Johnson was smart. She was good at math. She finished middle school early. She was only 10.
She could not go to high school. Her town did not have a high school for black students. Black students went to different schools. They could not go to school with white students.
So she took high school classes at a college instead. She later took college classes there. She studied math. She finished school in 1937.
Then she became a teacher. She taught at a school. It was for African Americans.
Career at NASA
Johnson had a special job. She started in 1953. It was for the government. She was a “human computer.”
Other people had this job, too. They solved math problems. These problems were important. They helped people travel in space.

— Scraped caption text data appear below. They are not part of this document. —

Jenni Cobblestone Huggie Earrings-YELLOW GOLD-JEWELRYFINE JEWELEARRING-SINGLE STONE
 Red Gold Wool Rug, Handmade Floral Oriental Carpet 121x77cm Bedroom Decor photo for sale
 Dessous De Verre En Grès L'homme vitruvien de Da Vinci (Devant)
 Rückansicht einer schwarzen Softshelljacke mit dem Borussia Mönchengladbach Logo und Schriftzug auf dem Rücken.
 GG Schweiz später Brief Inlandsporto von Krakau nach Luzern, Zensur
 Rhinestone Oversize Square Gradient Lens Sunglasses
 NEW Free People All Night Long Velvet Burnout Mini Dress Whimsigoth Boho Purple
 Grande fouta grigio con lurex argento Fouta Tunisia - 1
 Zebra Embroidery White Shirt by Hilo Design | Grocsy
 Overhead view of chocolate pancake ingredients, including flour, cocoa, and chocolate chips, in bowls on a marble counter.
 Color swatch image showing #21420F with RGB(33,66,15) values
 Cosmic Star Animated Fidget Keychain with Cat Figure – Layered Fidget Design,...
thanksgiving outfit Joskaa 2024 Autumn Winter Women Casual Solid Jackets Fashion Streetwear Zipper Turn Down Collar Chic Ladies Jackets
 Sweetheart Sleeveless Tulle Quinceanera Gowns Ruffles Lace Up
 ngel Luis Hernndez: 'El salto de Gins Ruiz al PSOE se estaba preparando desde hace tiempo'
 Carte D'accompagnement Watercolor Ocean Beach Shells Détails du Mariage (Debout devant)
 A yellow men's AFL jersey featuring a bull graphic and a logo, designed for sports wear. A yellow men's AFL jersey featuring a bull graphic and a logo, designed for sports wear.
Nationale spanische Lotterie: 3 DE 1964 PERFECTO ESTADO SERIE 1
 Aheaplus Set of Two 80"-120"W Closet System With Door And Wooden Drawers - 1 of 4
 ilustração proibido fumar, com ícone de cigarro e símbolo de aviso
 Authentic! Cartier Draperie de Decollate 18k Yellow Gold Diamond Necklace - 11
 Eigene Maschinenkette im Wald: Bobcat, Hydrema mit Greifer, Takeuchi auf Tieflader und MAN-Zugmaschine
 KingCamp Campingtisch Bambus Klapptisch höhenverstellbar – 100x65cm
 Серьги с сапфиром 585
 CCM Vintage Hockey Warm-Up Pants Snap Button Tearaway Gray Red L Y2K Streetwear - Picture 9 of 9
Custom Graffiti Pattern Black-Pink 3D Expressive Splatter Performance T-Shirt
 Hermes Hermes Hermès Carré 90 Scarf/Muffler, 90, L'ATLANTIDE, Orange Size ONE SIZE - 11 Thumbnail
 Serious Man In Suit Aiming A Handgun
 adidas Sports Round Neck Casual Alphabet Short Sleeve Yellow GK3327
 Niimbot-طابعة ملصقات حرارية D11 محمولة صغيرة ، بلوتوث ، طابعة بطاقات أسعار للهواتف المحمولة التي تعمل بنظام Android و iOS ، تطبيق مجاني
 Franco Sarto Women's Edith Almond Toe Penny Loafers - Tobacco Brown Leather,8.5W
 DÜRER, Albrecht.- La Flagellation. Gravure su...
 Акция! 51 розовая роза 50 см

NASA started in 1958. Johnson worked there. NASA wanted to put a person in space.
It did this in 1961. His name was Alan Shepard. He was the first American in space.
Johnson helped him do this. She used math to get him into space. She used math to get him home again.
Johnson helped others, too. She helped John Glenn. He orbited Earth.
She helped Neil Armstrong. He walked on the moon.
Awards
Johnson worked for NASA for many years. She left in 1986.
Johnson won many awards. One was the Presidential Medal of Freedom. This was in 2015.
Personal Life
Johnson married her first husband in 1939. They had three daughters. He died in 1956. She married again.
Johnson died in 2020. She was 101 years old.
Honored in Film
There was a movie about human computers. One is Katherine Johnson. It was made in 2016. It was called Hidden Figures.